Tube Loss based Deep Networks For Improving the Probabilistic Forecasting of Wind Speed
Pritam Anand, Aadesh Minz, Asish Joel
TL;DR
This work tackles uncertainty quantification for wind speed forecasting by introducing Tube loss–based probabilistic forecasting within autoregressive deep models. The Tube loss provides a differentiable, distribution-free mechanism to estimate prediction interval bounds with target calibration $1-\alpha$ while explicitly minimizing PI width, controlled by a movement parameter $r$ and a width-penalizing term $\\delta$. The authors extend this approach to LSTM, GRU, and TCN architectures, proposing a simple heuristic to tune $\delta$ and evaluating on three wind datasets (Jaisalmer, Los Angeles, San Francisco) against strong baselines including Quantile, QD, Deep AR, MDN, and Time-GPT. Across all datasets, Tube loss–based models achieve reliable coverage (PICP $\geq 0.95$) and substantially narrower prediction intervals (MPIW) than competing methods, with TCN+Tube, GRU+Tube, and LSTM+Tube often delivering the best performance. The results suggest that distribution-free, width-aware PI estimation via Tube loss can meaningfully improve the reliability and operational usefulness of probabilistic wind speed forecasts.
Abstract
Uncertainty Quantification (UQ) in wind speed forecasting is a critical challenge in wind power production due to the inherently volatile nature of wind. By quantifying the associated risks and returns, UQ supports more effective decision-making for grid operations and participation in the electricity market. In this paper, we design a sequence of deep learning based probabilistic forecasting methods by using the Tube loss function for wind speed forecasting. The Tube loss function is a simple and model agnostic Prediction Interval (PI) estimation approach and can obtain the narrow PI with asymptotical coverage guarantees without any distribution assumption. Our deep probabilistic forecasting models effectively incorporate popular architectures such as LSTM, GRU, and TCN within the Tube loss framework.

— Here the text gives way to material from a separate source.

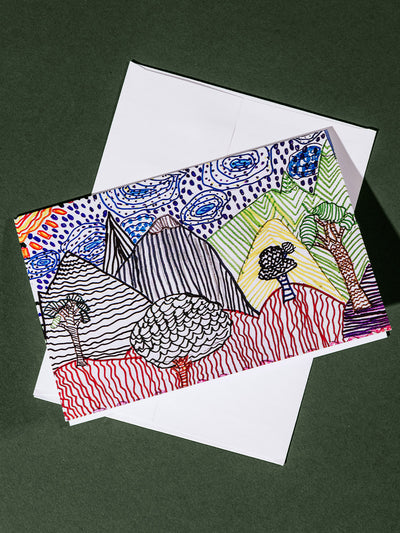 A greeting card resting on a white envelope, decorated with hand-drawn mountains, trees, and swirling sky patterns in red, blue, green, and black ink.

We further design a simple yet effective heuristic for tuning the $δ$ parameter of the Tube loss function so that our deep forecasting models obtain the narrower PI without compromising its calibration ability. We have considered three wind datasets, containing the hourly recording of the wind speed, collected from three distinct location namely Jaisalmer, Los Angeles and San Fransico. Our numerical results demonstrate that the proposed deep forecasting models produce more reliable and narrower PIs compared to recently developed probabilistic wind forecasting methods.